Those first three notes ring out of the silence, with a great deal of space between them: You see something but aren’t sure what it is, and as you get closer and closer… you see her, and her theme begins to play.
Of course, that same musical theme is reprised during the scene that broke a million hearts back in 1997, and that sequence is all the more effective for it. Interestingly, Final Fantasy VII’s protagonist Cloud doesn’t exactly have his own theme.

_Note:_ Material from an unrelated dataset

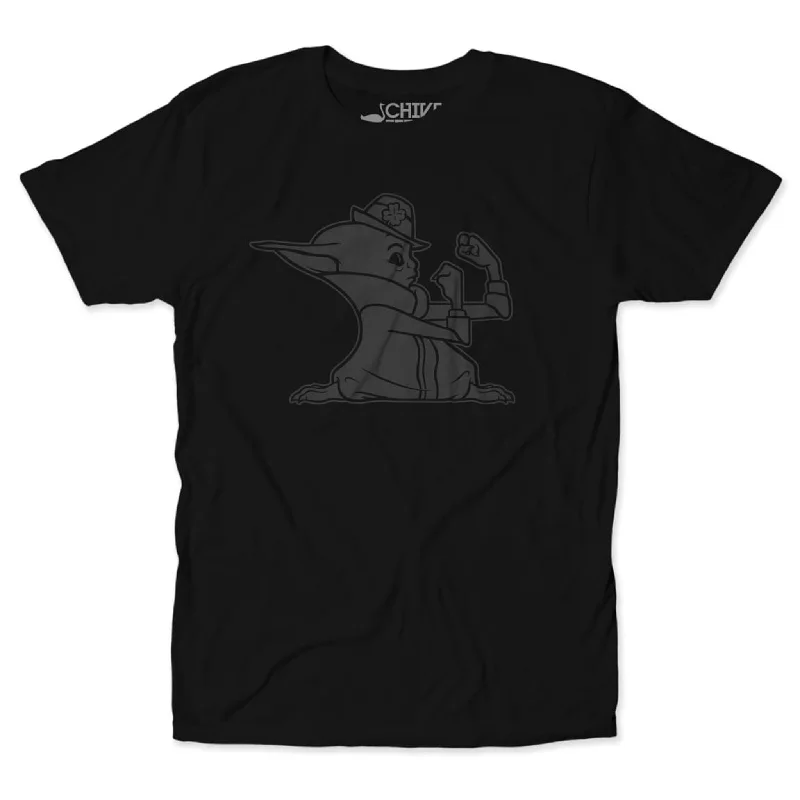 Men’s short-sleeve sleek tees-Fighting Grogu Blackout Tee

I’ve always considered the piece of music titled “Cloud’s Theme” to be more of the main theme for Final Fantasy VII. But between Aeris’ theme and several others (Cid’s theme comes to mind), FFVII has more than enough heroic melodies to go around.
The Lord of the Rings: Concerning Hobbits
Story It Tells: Small, Simple Heroes Stand Alone
Composer: Howard Shore
Key: D Major
Listen: Here
The heroes of Tolkien’s The Lord of the Rings stand in purposeful contrast to most great fantasy heroes. Sam and Frodo aren’t great warriors or powerful wizards. They’re ordinary folk who like farming and living in peace.
The Hobbits’ essential goodness is the very thing that makes them able to save the world. They’re resistant to the power of the One Ring and thus able to carry it into Mordor and save Middle-Earth. Yet the characters who fit those more common hero archetypes—Aragorn and Legolas and Gandalf and the rest—fight only to serve Sam and Frodo on their more essential mission.
Howard Shore composed several iconic themes for Peter Jackson’s film trilogy, but the truest “heroic theme” is the simple theme of the Shire. It’s carefully woven throughout the score—and the trilogy—and often appears in unlikely places, usually performed on a variety of wind instruments by legendary flutist Sir James Galway.
When times are at their worst and all hope seems lost, that thin, fragile melody will float up above the deep brass and grumbling strings. It stands apart from the turmoil like, well, like two Hobbits standing on the edge of a land of darkness and fire. The Hobbits’ theme reminds us that however impossible the odds may seem, our heroes’ true hearts and unbreakable friendships will see them through.
The Avengers: Main Theme
Story It Tells: A Team Of Mighty Heroes Finally Assembles
Composer: Alan Silvestri
Key: E Minor
Listen: Here
Alan Silvestri’s Avengers theme is a good one to end on. It’s the odd piece out on this list because it doesn’t actually have a very strong melody. That’s the point, though: It’s not the anthem of a single hero. The Avengers are a team of heroes, and the primary question driving the plot of Joss Whedon’s 2012 film was: Will the Avengers actually assemble? Can all these wildly different characters with wildly different motivations, backstories, and powers actually unite to save the world? And on a meta level, can the Marvel Cinematic Universe actually support a this kind of ambitious crossover event?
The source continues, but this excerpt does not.